Sunday, 14 June 2015

electromagnetism - How is wireless communication possible?


Like all my questions, I fear this will be very naive, because my physics background is very limited. Please bear with me.


I think of the electromagnetic field as a section of a vector bundle over spacetime, but I think nothing will be lost if we just treat it as a function $f:{\mathbb R}^4\rightarrow{\mathbb R}^6$.


Now suppose I want to send you a wireless message (by radio, cellphone, TV, whatever). I encode my message by jigglinig some electrons around so as to change the electromagnetic field from $f$ to a new function $f+g$. You are able to observe some values of this function $f+g$, or at least to infer something about some values of that function from the way the electrons in your receiver are jiggling around.


So at the very most, you are able to observe the function $f+g$. How on earth, then, can you infer anything about the function $g$?
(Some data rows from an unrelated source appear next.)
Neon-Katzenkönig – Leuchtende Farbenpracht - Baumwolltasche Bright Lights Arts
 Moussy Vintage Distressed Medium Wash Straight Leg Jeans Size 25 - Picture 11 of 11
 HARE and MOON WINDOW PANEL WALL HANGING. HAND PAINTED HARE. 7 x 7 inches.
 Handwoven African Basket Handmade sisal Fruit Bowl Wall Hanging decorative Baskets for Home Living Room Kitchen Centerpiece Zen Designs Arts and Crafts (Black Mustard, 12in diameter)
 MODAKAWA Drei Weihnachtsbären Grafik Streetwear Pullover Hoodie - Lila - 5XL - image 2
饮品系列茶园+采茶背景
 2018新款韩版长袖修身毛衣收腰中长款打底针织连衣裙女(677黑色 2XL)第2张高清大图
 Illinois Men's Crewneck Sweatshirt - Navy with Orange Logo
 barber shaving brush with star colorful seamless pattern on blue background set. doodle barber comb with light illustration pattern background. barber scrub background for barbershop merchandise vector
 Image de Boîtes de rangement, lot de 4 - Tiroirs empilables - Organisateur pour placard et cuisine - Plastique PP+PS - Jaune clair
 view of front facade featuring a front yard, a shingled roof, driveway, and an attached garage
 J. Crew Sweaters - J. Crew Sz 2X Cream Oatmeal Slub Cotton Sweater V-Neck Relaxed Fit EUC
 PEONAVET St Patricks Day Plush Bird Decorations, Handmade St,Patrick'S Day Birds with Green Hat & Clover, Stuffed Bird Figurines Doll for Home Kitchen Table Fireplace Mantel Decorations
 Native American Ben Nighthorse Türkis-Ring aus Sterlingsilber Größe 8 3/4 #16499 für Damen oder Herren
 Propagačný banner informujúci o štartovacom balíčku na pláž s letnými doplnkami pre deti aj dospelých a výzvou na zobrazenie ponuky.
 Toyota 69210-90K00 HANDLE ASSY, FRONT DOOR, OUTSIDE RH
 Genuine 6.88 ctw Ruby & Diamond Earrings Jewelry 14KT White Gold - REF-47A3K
I understand that you can decompose the field $f+g$ into Fourier components, but given that the ambient field $f$ can be anything at all, I don't see how that helps. The ambient field $f$ is affected by all sorts of things, from other people's communications to cosmic rays, to the fact that I happen to have just carried a 9-volt battery across my living room, much of which you have no knowledge of. Now I add a function $g$ to this completely unknown function $f$, and you're supposed to recover $g$ by observing the sum.


Clearly, this can't work. Clearly it goes ahead and works anyway. What am I missing?